RECHTBANK ZWOLLE-LELYSTAD
Sector Bestuursrecht
Enkelvoudige Kamer
[eiser], wonende te [woonplaats], eiser,
gemachtigde: mr. H.S.C. van Deijk-van Amzand,
de Raad van bestuur van het Uitvoeringsinstituut Werknemers-verzekeringen (UWV), gevestigd te Amsterdam (kantoor Apeldoorn), verweerder.
1. Aanduiding bestreden besluit
Besluit van verweerder van 23 juni 2004.
2. Ontstaan en loop van de procedure
Bij besluit van 16 december 2003 heeft verweerder aan eiser met ingang van 3 november 2003 een uitkering ingevolge de Werkloosheidswet (WW) toegekend.
Tegen dit besluit is op 13 januari 2004 bezwaar gemaakt.
Bij het bestreden besluit is dit bezwaar ongegrond verklaard.
Op 29 juli 2004 is tegen het bestreden besluit beroep ingesteld.
Verweerder heeft op 4 oktober 2004 een verweerschrift ingezonden.
Het beroep is op 3 maart 2005 ter zitting behandeld.
Eiser is verschenen, bijgestaan door mr. Van Deijk-van Amzand.
Verweerder heeft zich doen vertegenwoordigen door mw. drs. H. ten Brinke.
De rechtbank dient te beoordelen of verweerder op goede gronden heeft geoordeeld dat er per 3 november 2003 een nieuw recht op WW is ontstaan, alsmede of verweerder op goede gronden het dagloon heeft vastgesteld op € 62,81 inclusief vakantiebijslag.

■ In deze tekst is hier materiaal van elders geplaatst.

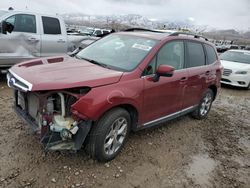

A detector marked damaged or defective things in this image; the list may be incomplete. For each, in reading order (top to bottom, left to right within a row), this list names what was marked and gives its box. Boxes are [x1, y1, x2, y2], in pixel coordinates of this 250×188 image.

damaged front bumper [12, 89, 92, 151]
crumpled front hood [8, 55, 123, 91]
damaged red subaru forester [6, 30, 222, 161] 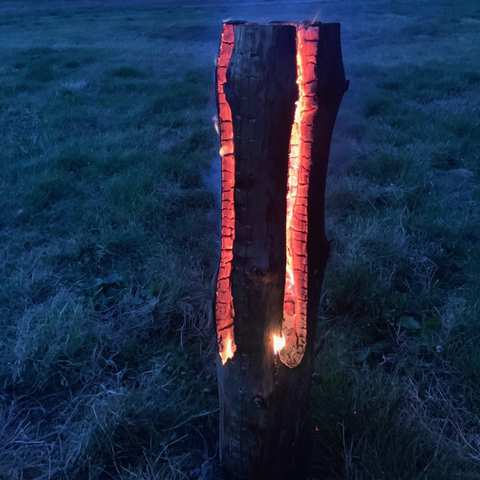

De rechtbank gaat uit van de volgende feiten en omstandigheden.
Bij besluit van 2 augustus 2001 heeft eiser met ingang van 9 juli 2001 een WW-uitkering toegekend gekregen voor de duur van drie jaar en een vervolguitkering voor de duur van twee jaar. De uitkering was gebaseerd op eisers arbeidspatroon van gemiddeld 40 arbeidsuren per week en op een dagloon inclusief vakantiebijslag van €136,68 (fl. 301,21). De uitkering was vervolgens vastgesteld op € 88,59 (fl. 195,23) bruto per dag exclusief vakantiebijslag.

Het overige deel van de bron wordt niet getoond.